▶ WHAT IS BEING ASKED
Entries below include pictures. Output exactly the lines from the one with "Vintage Fine Line" down to the one with "None White Open", both ends included, and leave the pictures out.

▶ SOURCE MATERIAL
_ _ _ _ _

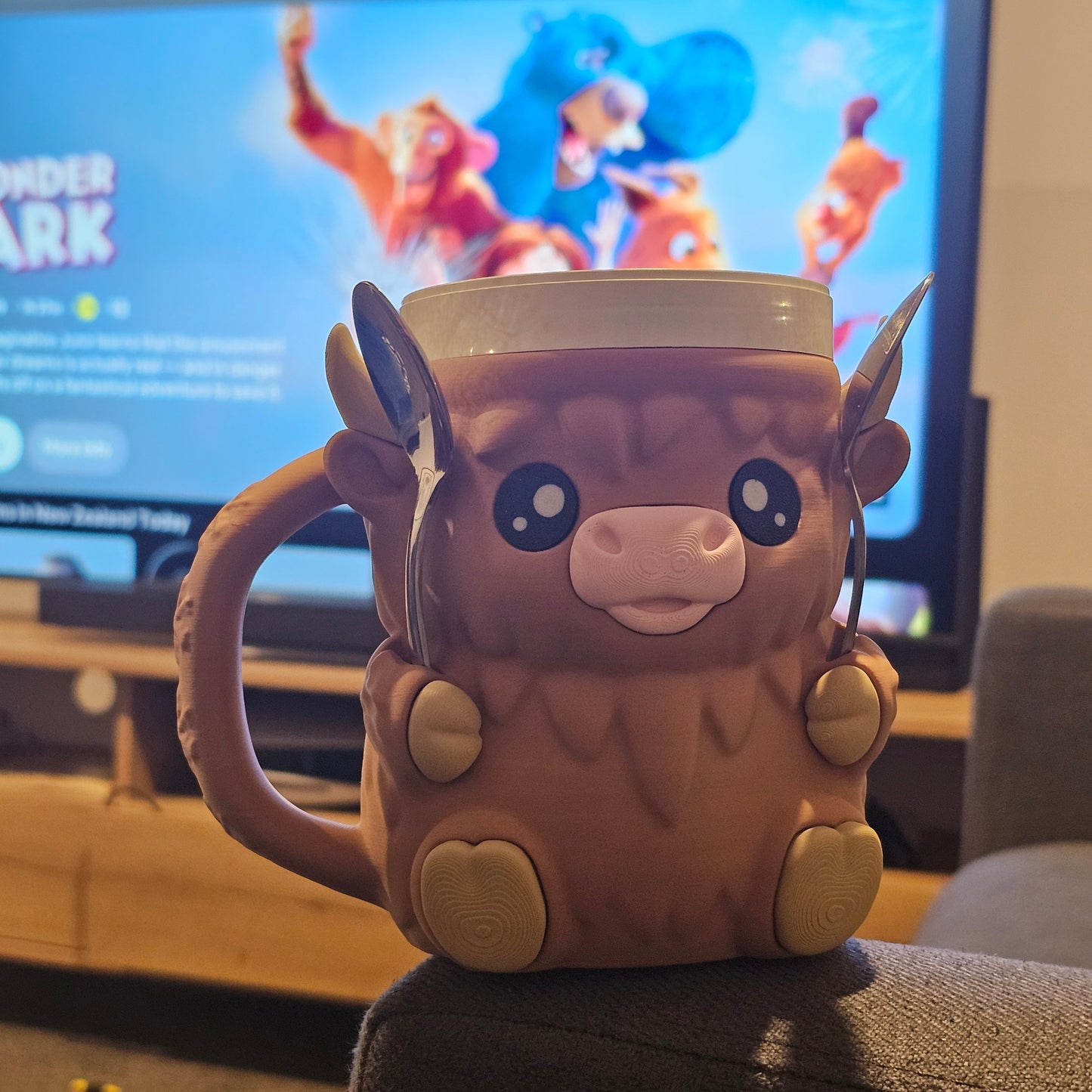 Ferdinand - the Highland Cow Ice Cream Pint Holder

_ _ _ _ _

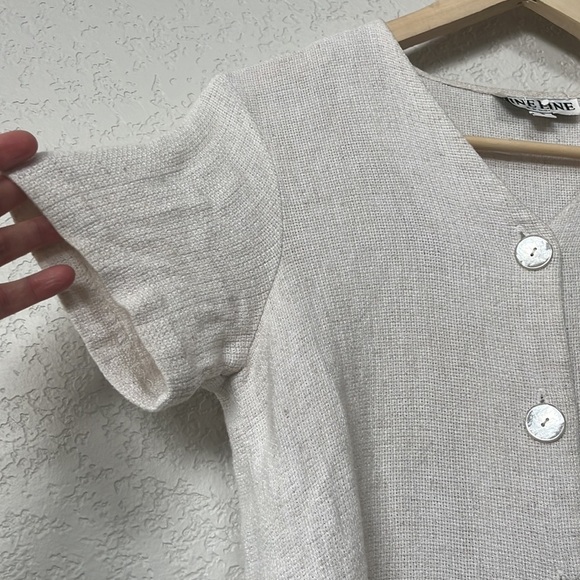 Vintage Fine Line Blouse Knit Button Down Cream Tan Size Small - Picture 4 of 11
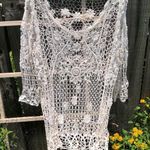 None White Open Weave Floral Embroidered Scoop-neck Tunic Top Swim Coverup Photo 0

_ _ _ _ _

▶ OUTPUT OF THE TASK
 Vintage Fine Line Blouse Knit Button Down Cream Tan Size Small - Picture 4 of 11
 None White Open Weave Floral Embroidered Scoop-neck Tunic Top Swim Coverup Photo 0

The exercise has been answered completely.